Math is hard

In comp.arch.fpga robert bristow-johnson <rbj@audioimagination.com> wrote:
On 1/21/14 12:18 PM, Rob Gaddi wrote:
(snip)
Not sure I'm following you there, this could be a problem with my
understanding. When I hear people talking about spline fitting, to my
mind that's a series of piecewise polynomial approximations.

that's normally what i thought. however, when i look up the math for
"cubic splines" it doesn't seem to be exactly the same as fitting either
3rd-order Lagrange nor 3-order Hermite polynomials. i would have
expected it to come out as one or the other.

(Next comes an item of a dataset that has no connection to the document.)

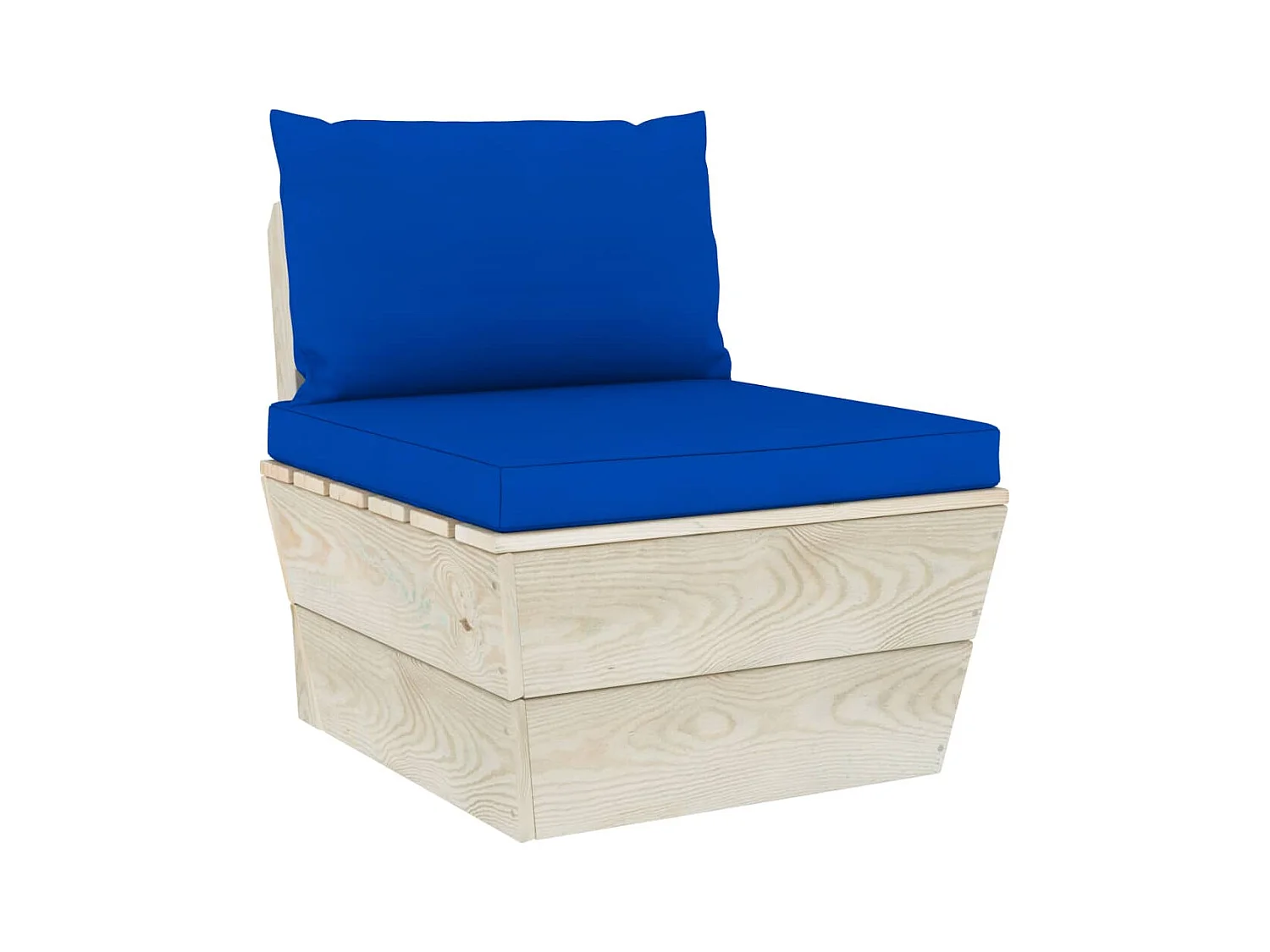 Salon de jardin palette 6 pcs avec coussins Épicéa imprégné 22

Fit N-1 cubic sections to N points, you need 4N-4 parameters.
Going through the points at either end, is 2N-2. Continuous
first and second derivative at the N-2 splice points, 2N-4 more.
That leaves two more, which are the boundary conditions at the
end points.
Piecewise linear being the degenerate case.
Is that a reasonable statement?

who are you calling "degenerate"?! :)

probably piecewise-constant is more degenerate. maybe zeros inserted
between points is even more degenerate. other than approximating the
whole thing with zero (or some other constant), i cannot think of a more
degenerate case.

(snip)

maybe direct lookup for the first 128 and some equally-spaced polynomial
splines for the remaining 511 regions?

That might be the more obvious, and easiest to implement, of the
non-uniform spaced interpolation methods.

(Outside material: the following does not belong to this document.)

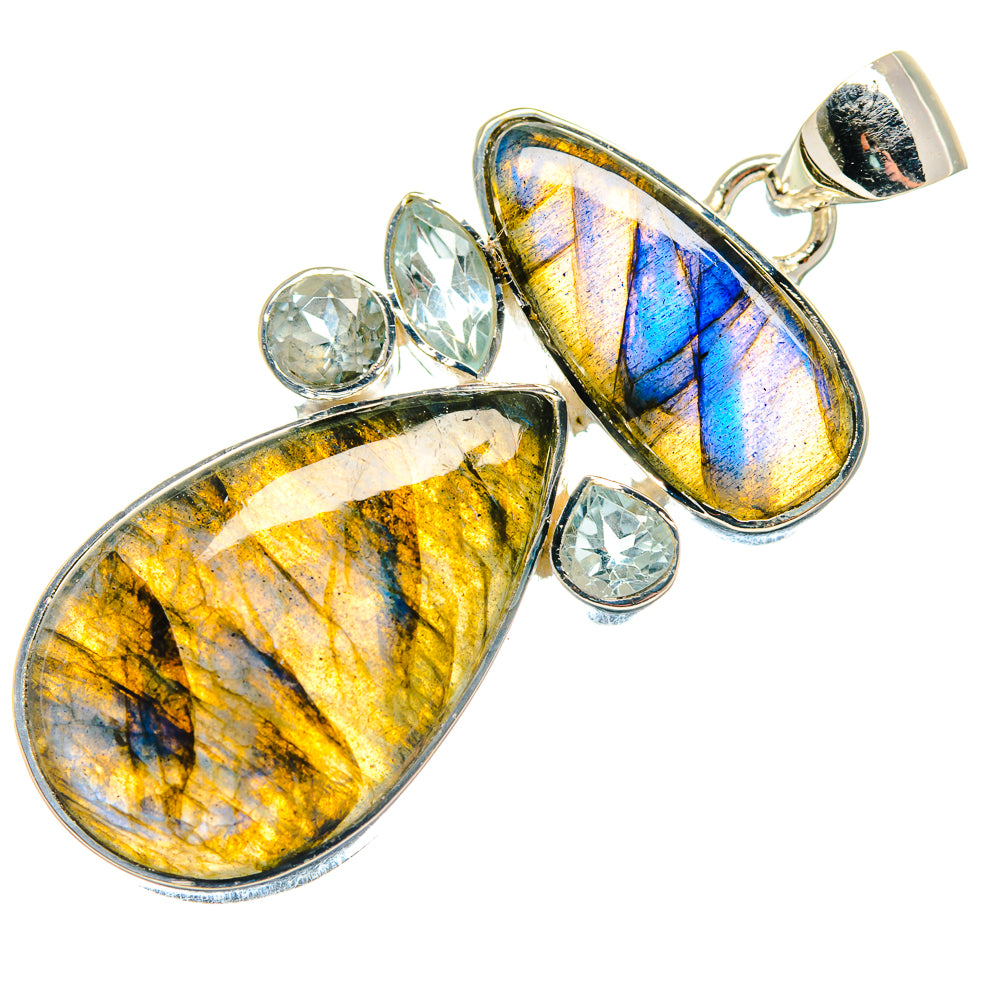 Labradorite Pendants handcrafted by Ana Silver Co - PD18789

Reminds me of some years ago, someone was building a sampling
system for a signal with a long exponential decaying tail.

(And when high-speed RAM was pretty expensive.)

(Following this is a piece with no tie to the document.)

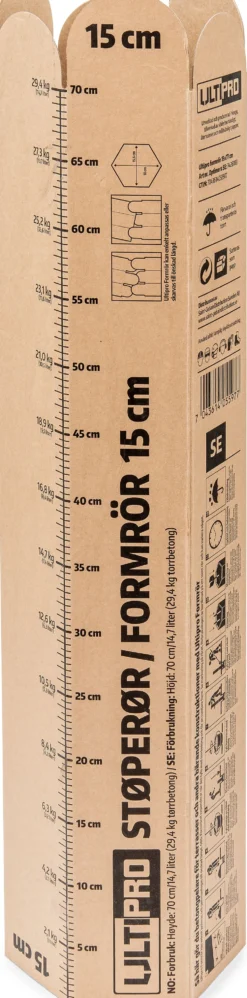 Ultipro støperør 15 cm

The idea was to sample at full speed for 10 samples, then average
groups of 10 for the next 100 (or maybe 90), then average groups
of 100 for the next. Then exponentially longer and longer
blocks after that. They would do all the averaging in logic,
before storing into the not-too-big RAM.

I had some ideas how to build one, but they didn't ask.

-- glen
 
Rob Gaddi <rgaddi@technologyhighland.invalid> writes:

On Tue, 21 Jan 2014 10:45:35 +0100
David Brown <david.brown@hesbynett.no> wrote:

On 20/01/14 19:11, Rob Gaddi wrote:

I did a little playing with it again this morning, and just tried curve
fitting just the first small segment (n = 1:128). Even a cubic fit has
immense errors over just that short of a range. exp() really has
pretty vicious behavior.


You can't fit a cubic (or other polynomial) by itself - you need a
spline. And for a curve like this, you want varying steps, with far
more steps at the lower range. You might be able to divide it up using
the first zero as the index (i.e., ranges 1..2, 2..4, 4..8, 8..16, etc.)
The lowest range - say up to 16 - is probably best handled with a
straight lookup table. After that, you'd need 12 sets of coefficients.
If cubic interpolation here is not good enough, try higher odd powers
(anchor your polynomials at the end points and the derivatives at these
points to get a smooth spline).


Not sure I'm following you there, this could be a problem with my
understanding. When I hear people talking about spline fitting, to my
mind that's a series of piecewise polynomial approximations. Piecewise
linear being the degenerate case. Is that a reasonable statement?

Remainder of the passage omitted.